CIS 120e: SpellChecker

All modern word processors, along with increasingly many other programs, have a built in spell check function that allows even the worst typist some level of efficiency. To complete this homework you will be coding a rudimentary spell check program based on a dictionary and list of corrections for misspelled words.

Your program will look at each word in a file, and if the word is not in the dictionary, ask the user to either a) leave it alone, b) change it to one or more suggested new words, or c) enter a correction of their own.

A few notes before we begin:

Recall: I/O and Collections

This homework is designed for you to gain practice with Java I/O (see java.io) and the Java Collections Framework (see java.util). The I/O package is very large with lots of different classes to choose from -- we recommend taking a look at the following classes:

Input Output

* Scanner is technically in java.util (not java.io). You will also find Lists, Maps and Sets helpful for this assignment. These collections resemble those we saw in OCaml.


Problem 0: A High Level Look

At a high level, a user (you) will run the program using SpellCheckerRunner. This creates the dictionary, correctors, opens the relevant files, and initializes a spell checker object which then does the actual spell checking process.

In addition to the provided files described above, we also provide several test classes (DictionaryTest, TokenScannerTest, etc.) and sample text files to run your code with.


Problem 1: Building the Dictionary

(File to submit: Dictionary.java)

Before we can actually program the spellchecker we need a class that reads in words from the dictionary, stores them in memory, and provides efficient access to them. Choosing the right data structure is important: if you have to check over 7 MB to see if a given word is correct and then need to repeat it 250-500 times (depending on the number of words in your document) you will have to take a rather long break each time you test your code.  Make sure to look at the javadocs and the unit test usage to get some idea of how to approach this problem. All IOExceptions that may result from the execution of this part of the program do not need to be caught.
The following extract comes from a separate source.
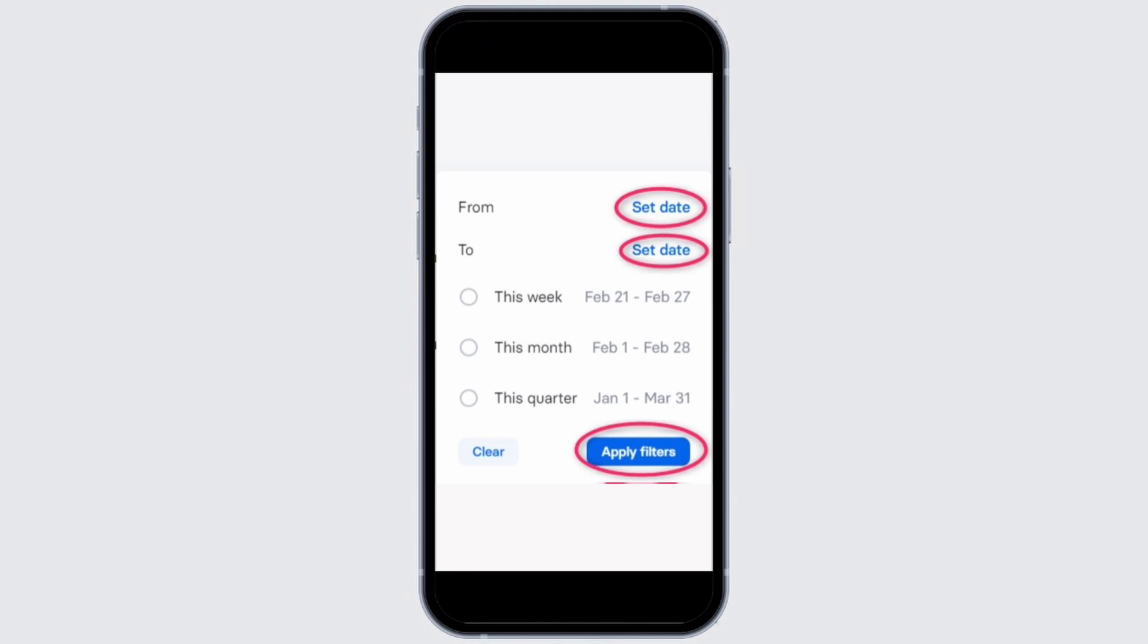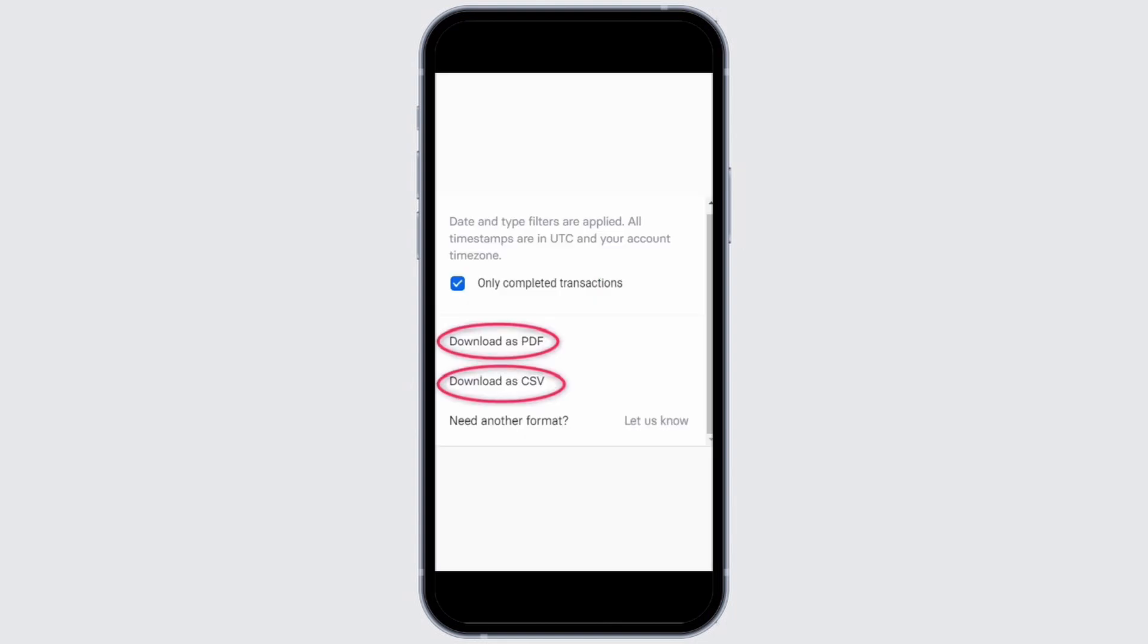After that, tap on the apply filters button. You will now see the get statement button. Tap on that. Further, you can also tap on the download as PDF option if you want to download the statement.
As this is a rudimentary program, we will make some simplifying assumptions.

1.1 Add Test Cases

First open DictionaryTest.java. We only provide a few test cases. Using the given test cases as a template, look at the documentation about what the Dictionary class does, and add test cases for the following situations. By a test case, we mean that you should make the certain scenario happen, and verify that the response matches what you'd expect (from the Javadocs) using methods like assertEquals. Each bullet below should be its own test method:

Are there any other test situations which may occur? We've left out some scenarios from the list above. You should write additional test cases for any other situations you think of.

TIP: Don't forget about null! A null word is never in the dictionary.

1.2 Dictionary.java

Running the DictionaryTest will fail because although you've outlined the expected behavior, you haven't written the Dictionary class itself! Now create a file called Dictionary.java and implement the class.

You should run your tests, find what fails, and correct the code until your test cases pass. Note: When you attempt to run the unit test file, it may warn you: "Errors exist in required project(s) ... Proceed with launch?". You should hit "Proceed". The error is occuring because you haven't written the files for the next steps in the assignment, and the provided tests for those are looking for those missing files.

IMPORTANT: You should use BufferedReader and FileReader to read the file; do not use a Scanner. (An undocumented behavior of Scanners is that they stop processing if the file is very long; the dictionary.txt file we test with is long enough to trigger this behavior!)

Also: Always remember to close your input streams! If you find a test is not running, you may need to delete the file or exit the Java process in order to manually close the stream.

It is critical that your Dictionary works properly before moving on! Make sure that the method signatures match those in the Javadoc exactly.


Problem 2: Building Correctors

(File to submit: FileCorrector.java and SwapCorrector.java)

Suppose a word doesn't occur in a dictionary. How could we fix it?

Corrector is an abstract class where the getCorrections method is abstract. Any subclass of Corrector must implement this method, and thus is able to provide corrections for a given misspelled word. We will implement two different kinds of Correctors:

  1. FileCorrector - uses a reference text file containing common misspellings to provide suggestions for a misspelled word
  2. SwapCorrector - uses a Dictionary, and suggests any words from it that are a single "swap" from the given incorrect word. For example, it might suggest "this" if the incorrect word was "thsi".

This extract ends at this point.